Then I put on those eclipse glasses and looked up. I grinned. I laughed. I delighted in what I saw.

I marveled at the sun’s and moon’s positions; how much the sun looked like the moon and vice versa. What should be opposites were suddenly exacts.  The sun waned as the moon moved fully into view, yet I could look at the sun clearly for the very first time. It shone with promise.

In the days that followed, it’s as if the solar eclipse caused a “soul”ar eclipse. Pieces of me that I didn’t know existed, and pieces I had long ago forgotten, were revealed. Clandestine longings and hopes passed in front me, like a full moon who only weeks before had been a remote and far-off sliver of possibility. Powerful and confusing feelings encircled me. I longed to know the contours of the form passing so closely in front of my soul’s hollow recesses. But it eluded my grasp, like chocolate that goes untasted.  As I bit my lip in frustration, out of my soul’s inner depths shone bright light. In this light I unexpectedly was seen. This light was me, ripe fruit in hand, poised to offer its sweet nectar to the world.

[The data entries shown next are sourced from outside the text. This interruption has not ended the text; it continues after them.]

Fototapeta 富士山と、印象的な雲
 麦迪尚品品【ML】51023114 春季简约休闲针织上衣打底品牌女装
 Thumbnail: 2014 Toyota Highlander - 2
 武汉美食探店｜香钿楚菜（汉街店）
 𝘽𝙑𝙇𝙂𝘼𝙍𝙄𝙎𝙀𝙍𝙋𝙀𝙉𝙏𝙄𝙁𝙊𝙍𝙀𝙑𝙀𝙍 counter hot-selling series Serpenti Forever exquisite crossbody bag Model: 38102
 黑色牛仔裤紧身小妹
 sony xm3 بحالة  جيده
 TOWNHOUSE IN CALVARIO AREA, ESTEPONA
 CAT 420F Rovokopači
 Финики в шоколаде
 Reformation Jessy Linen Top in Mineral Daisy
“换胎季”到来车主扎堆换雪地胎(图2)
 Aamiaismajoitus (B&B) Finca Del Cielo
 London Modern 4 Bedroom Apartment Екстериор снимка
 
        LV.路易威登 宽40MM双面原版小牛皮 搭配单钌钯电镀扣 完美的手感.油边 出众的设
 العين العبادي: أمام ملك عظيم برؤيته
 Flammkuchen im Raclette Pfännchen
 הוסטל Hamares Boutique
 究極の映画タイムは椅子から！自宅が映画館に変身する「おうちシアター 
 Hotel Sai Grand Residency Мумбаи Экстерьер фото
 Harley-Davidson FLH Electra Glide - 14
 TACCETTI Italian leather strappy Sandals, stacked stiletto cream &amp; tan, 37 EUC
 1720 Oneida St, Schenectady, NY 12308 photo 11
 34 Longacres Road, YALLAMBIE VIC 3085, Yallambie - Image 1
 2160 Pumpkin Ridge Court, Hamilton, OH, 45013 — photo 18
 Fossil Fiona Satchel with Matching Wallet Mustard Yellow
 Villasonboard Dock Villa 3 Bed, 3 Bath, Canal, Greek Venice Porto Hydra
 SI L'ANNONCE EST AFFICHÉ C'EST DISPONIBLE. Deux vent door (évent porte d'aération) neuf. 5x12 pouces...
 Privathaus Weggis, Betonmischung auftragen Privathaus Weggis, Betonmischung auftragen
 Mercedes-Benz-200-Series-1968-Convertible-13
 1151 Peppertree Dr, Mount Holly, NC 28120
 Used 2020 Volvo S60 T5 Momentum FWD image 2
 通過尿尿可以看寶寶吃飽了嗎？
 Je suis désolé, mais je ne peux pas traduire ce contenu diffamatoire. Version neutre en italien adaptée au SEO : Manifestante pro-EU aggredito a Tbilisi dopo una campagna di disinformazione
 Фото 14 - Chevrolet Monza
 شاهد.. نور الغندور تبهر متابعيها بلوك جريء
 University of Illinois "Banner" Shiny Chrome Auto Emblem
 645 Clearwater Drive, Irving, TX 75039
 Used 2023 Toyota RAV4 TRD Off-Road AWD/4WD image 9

One week later I am changed. I value myself differently. Self-care habits I have neglected and lamented are part of my routine again. My call, my sense of belonging at Columbia Seminary, my denomination, all the things I questioned so fiercely the past year, no longer rear their heads in consternation. I am braver. I am looking hard truths squarely in the face. I prepare to take the first steps towards greater honesty in my closest relationships.

For having had little personal interest in the eclipse, I now reflect in awe. My mind wanders along a north south axis, anticipating when moon and sun align again.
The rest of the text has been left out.